Witam. We wrześniu wykonałam sobie kreskę zagęszczającą rzęsy na górnej powiece. Zabieg powtarzałam 3X, ale warto było. Już teraz wiem, że jak wyblaknie, to powtórzę go jeszcze raz, pomimo tego, że bolało.
Po pierwszym zabiegu strupki zaczęły schodzić po 3 dniach, po drugim razie - już na drugi dzień już coś zaczęło się złuszczać i zostały maleńkie luki w rysunku kreski. Po trzecim zabiegu całość złuszczyła się dopiero po tygodniu i dość. Efekt jest super, a jaki komfort. Naturalnie jestem szatynką z całkowicie jasną oprawą oczu. Bez makijażu nie mogłam funkcjonować. Znajomi pytali mnie czy jestem chora, jak byłam bez tuningu. Teraz tylko maskara na rzęsy i już gotowe, a ile taniej i czasu dużo.
Zastanawiam się nad zrobieniem brwi, ale po tym co zobaczyłam i przeczytałam, moje wątpliwości zwiększyły się. Brwi to muszą być majstersztyk, a nie jakaś czarna kreska nad oczami. Wolę co tydzień robić sobie delikatną hennę, niż płakać co zrobić z niechcianym barwnikiem. Mam fajną babeczkę - kosmetyczkę i muszę z nią pogadać.

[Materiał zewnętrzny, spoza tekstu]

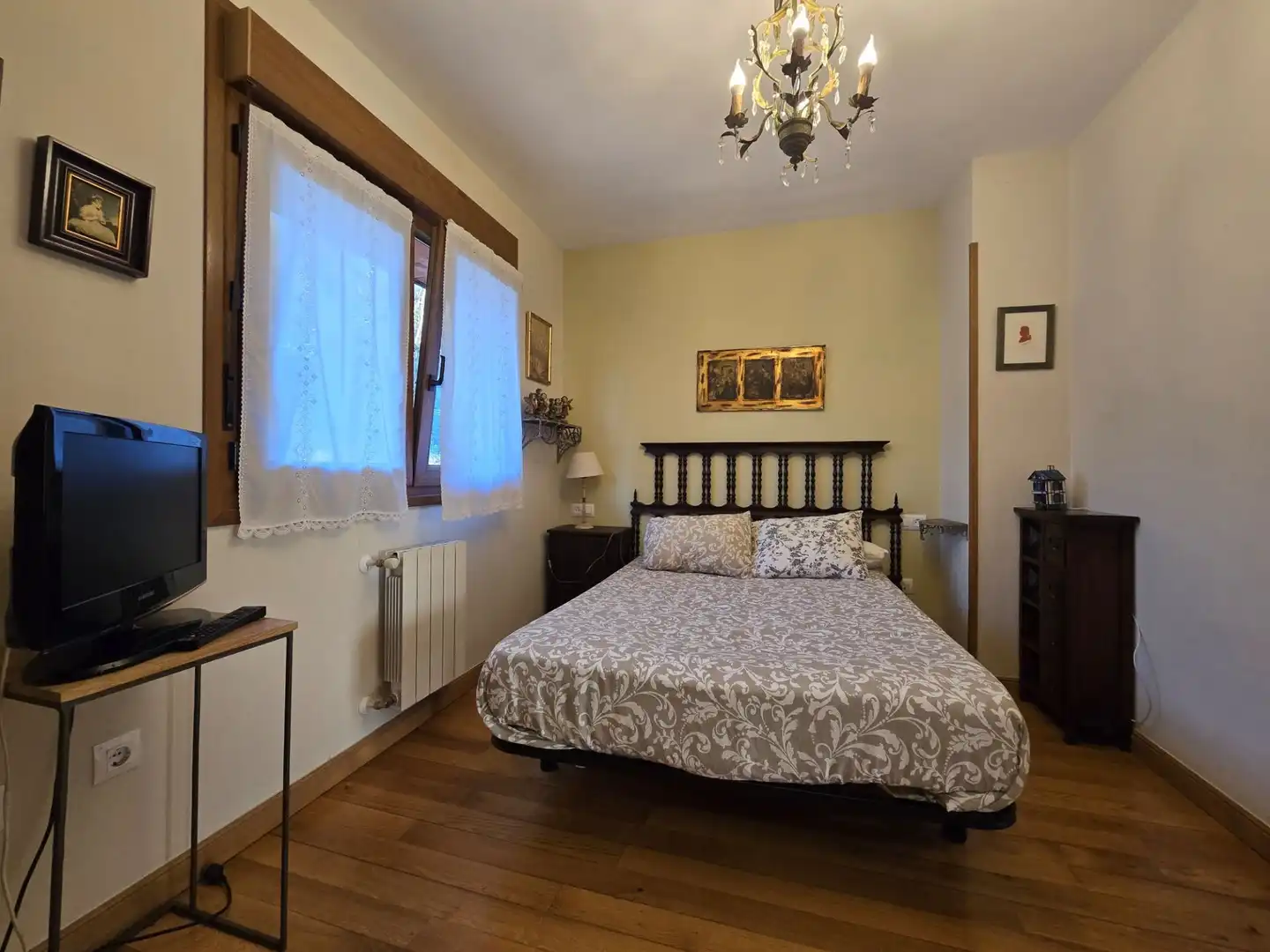 Habitación de Casa o chalet en venta en Llanes con Calefacción y Terraza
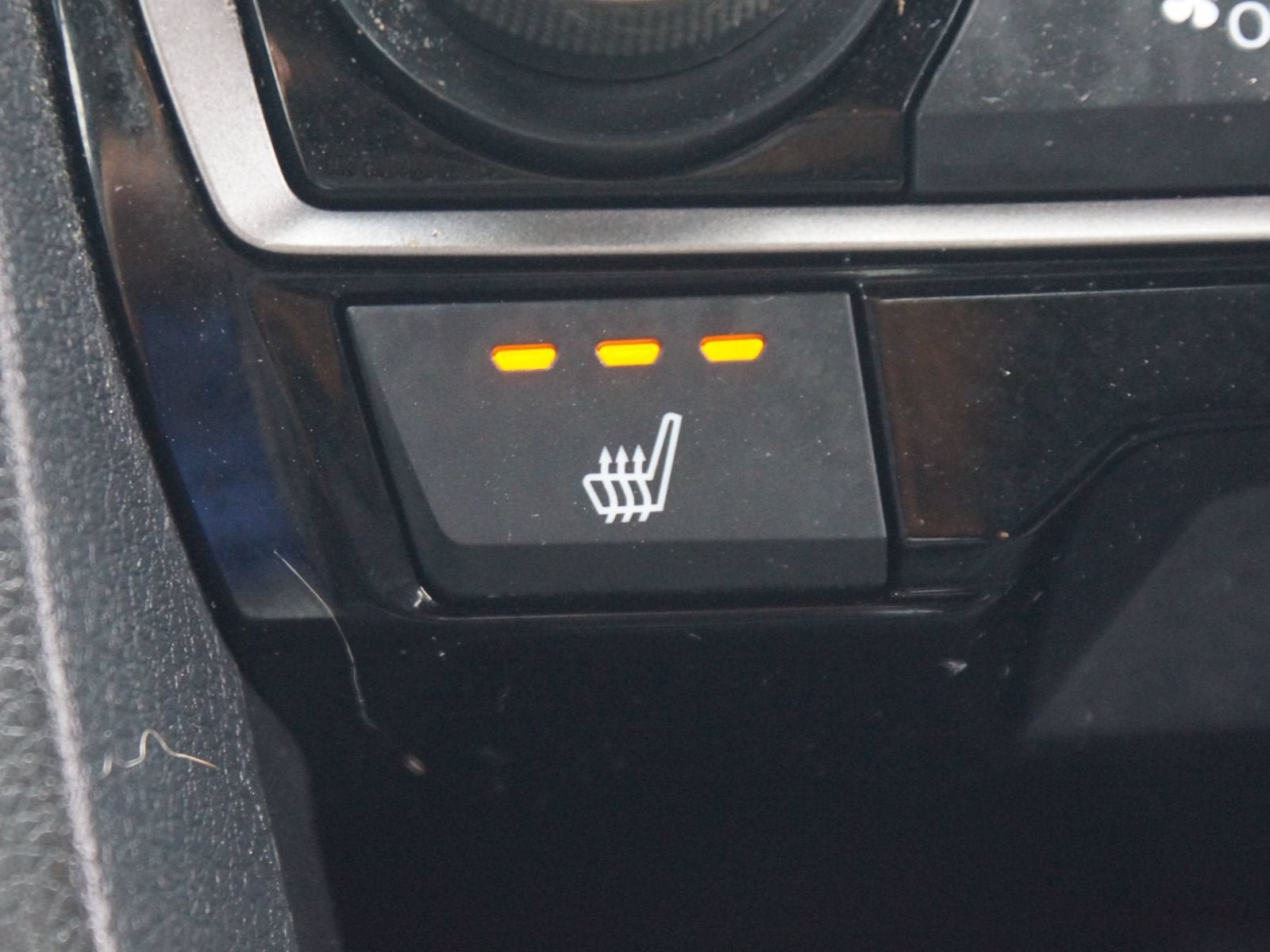 Used 2018 Honda Civic EX-L image 9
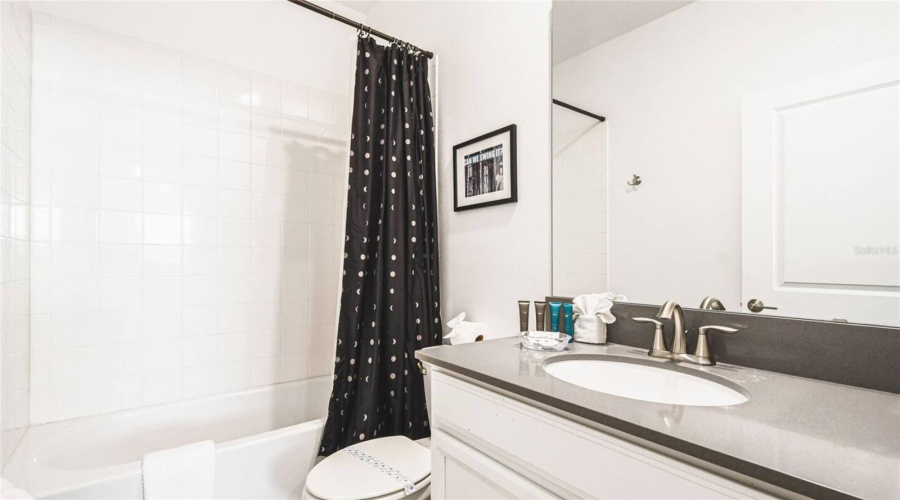 KISSIMMEE, Florida 34746, 6 Bedrooms Bedrooms, ,5 BathroomsBathrooms,Residential,For Sale,PROTAGONIST,0,MFRO6305442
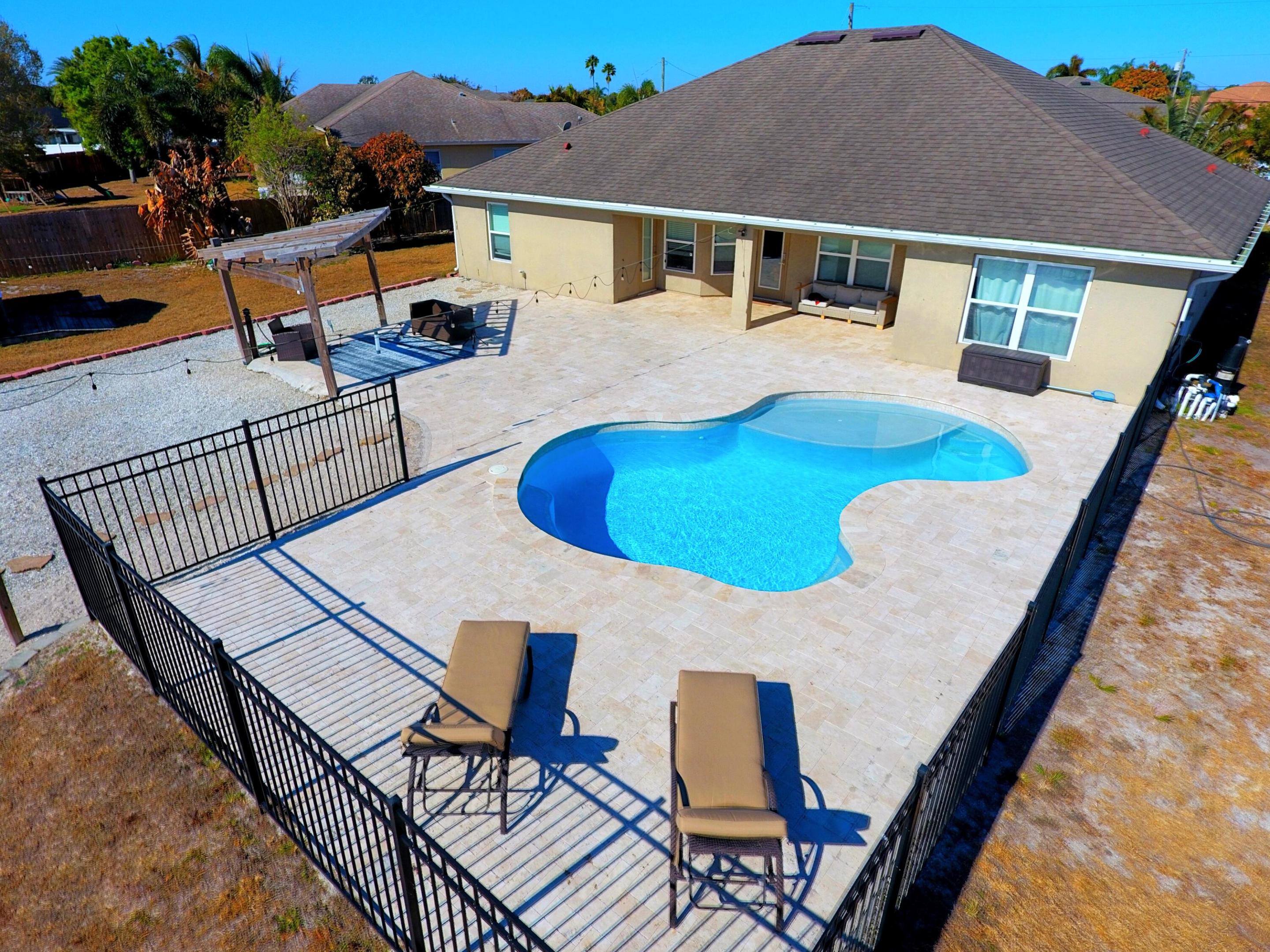 PORT ST LUCIE SECTION 33 - Residential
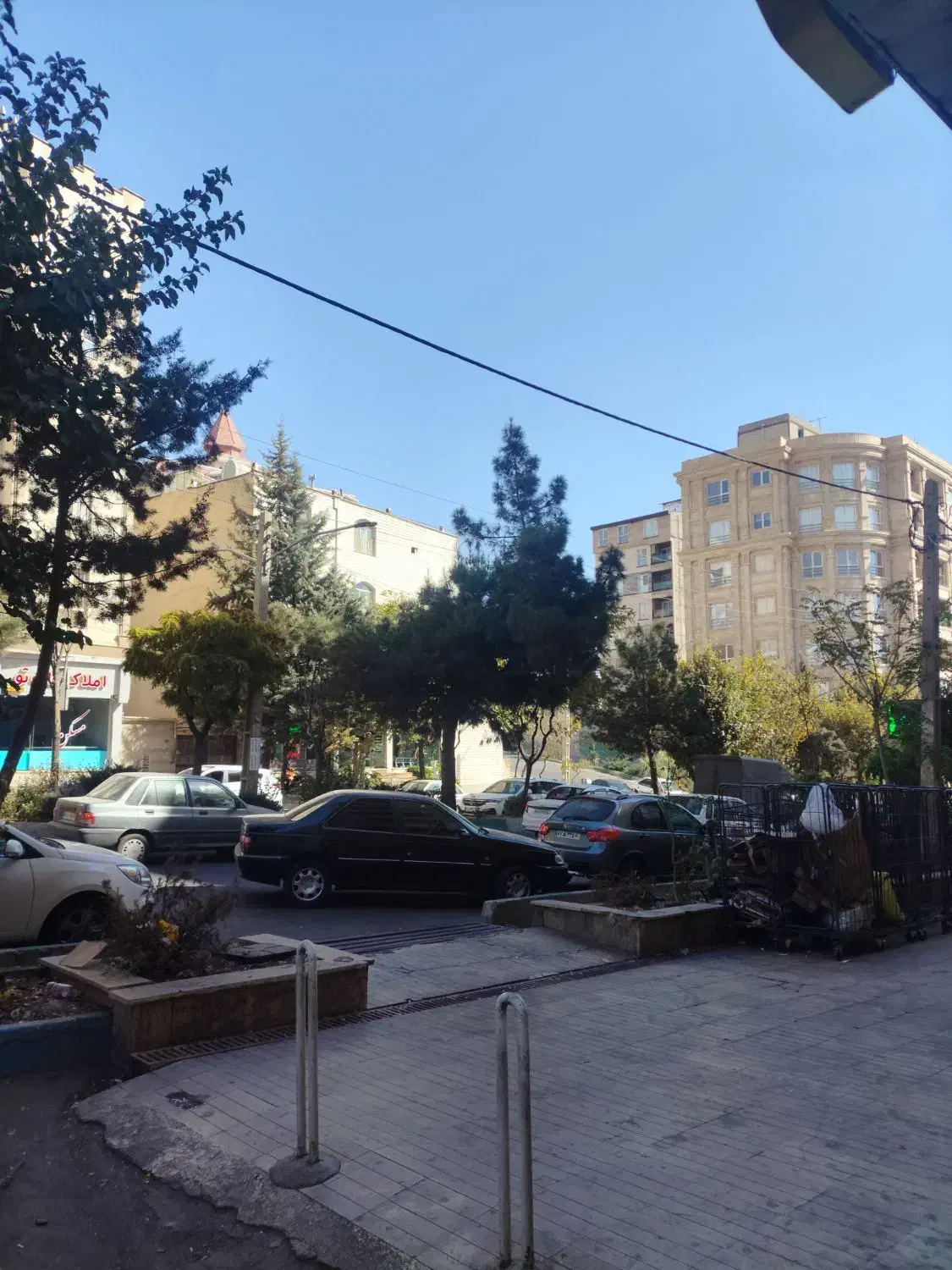 مغازه ۱۳۰ متری بر پاسداران نوساز /اجاره|اجارهٔ مغازه و غرفه|رودهن, |دیوار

W lecie skusiłam się też na zagęszczanie rzęs, ale jak dla mnie porażka. Za dużo trzeba się potem gimnastykować, aby ich nie wykruszyc, żeby się nie odkleiły i takie tam. Za wygodna chyba jestem, choć efekt nie powiem - powalił mnie na kolana przed lustrem.